Accueil  > Années 1950  > N°635 Janvier 1950  > Page 32 Tous droits réservés

Le jardinage

école du caractère

On entend journellement célébrer les bienfaits du jardinage pour la santé physique : il n'est pas de quinquagénaire ou même de sexagénaire pratiquant cette occupation en amateur qui ne lui attribue la conservation de sa souplesse, l'élimination de son acide urique et la rubicondité de ses joues, dont ses amis lui font compliment.
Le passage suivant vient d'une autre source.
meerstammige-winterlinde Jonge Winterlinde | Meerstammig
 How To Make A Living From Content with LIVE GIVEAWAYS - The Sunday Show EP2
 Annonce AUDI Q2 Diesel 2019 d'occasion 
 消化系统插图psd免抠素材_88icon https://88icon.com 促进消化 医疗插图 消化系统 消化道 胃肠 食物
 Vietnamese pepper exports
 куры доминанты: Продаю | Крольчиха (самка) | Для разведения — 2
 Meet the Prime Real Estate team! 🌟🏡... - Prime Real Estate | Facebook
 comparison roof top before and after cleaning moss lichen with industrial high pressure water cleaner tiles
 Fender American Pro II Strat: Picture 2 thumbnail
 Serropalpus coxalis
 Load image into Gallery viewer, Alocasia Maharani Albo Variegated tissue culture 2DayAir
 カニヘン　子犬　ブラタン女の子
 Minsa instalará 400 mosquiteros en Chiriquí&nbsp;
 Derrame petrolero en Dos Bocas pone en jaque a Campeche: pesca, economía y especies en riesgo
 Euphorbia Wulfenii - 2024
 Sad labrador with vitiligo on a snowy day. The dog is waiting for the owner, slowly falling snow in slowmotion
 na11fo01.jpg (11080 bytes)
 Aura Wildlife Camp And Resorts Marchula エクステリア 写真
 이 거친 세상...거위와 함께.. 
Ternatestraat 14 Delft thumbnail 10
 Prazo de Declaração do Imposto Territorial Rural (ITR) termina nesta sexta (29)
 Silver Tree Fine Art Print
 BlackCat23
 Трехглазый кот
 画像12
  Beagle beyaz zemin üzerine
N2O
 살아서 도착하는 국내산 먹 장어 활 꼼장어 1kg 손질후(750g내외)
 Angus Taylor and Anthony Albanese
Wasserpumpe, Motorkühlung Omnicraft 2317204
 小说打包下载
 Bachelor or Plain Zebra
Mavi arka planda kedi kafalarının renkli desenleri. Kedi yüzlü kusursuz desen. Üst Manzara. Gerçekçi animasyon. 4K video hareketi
Mais on ne parle jamais de sa valeur éducative et de ses bienfaits dans l'ordre moral. Il y a bien longtemps, lorsque je fréquentais l'école communale de mon village gâtinais, l'instituteur nous conduisait, deux fois l'an au maximum, à ce que l'on appelait pompeusement « le champ d'expériences », où il était censé nous donner quelques notions élémentaires sur l'agriculture et l'horticulture. Le brave homme voyait sans doute dans cette expédition semestrielle une simple corvée, et les galopins que nous étions n'y voyaient, eux, qu'une promenade le long des haies chargées de prunelles ou de mûres. L'un et les autres avaient grand tort, et j'ai découvert depuis que ces sorties auraient dû fournir à notre maître l'occasion d'une leçon sur le profit qu'un adolescent peut et doit tirer du jardinage pour la formation de son caractère d'homme, c'est-à-dire pour son éducation de futur travailleur, de futur chef de famille et de futur citoyen.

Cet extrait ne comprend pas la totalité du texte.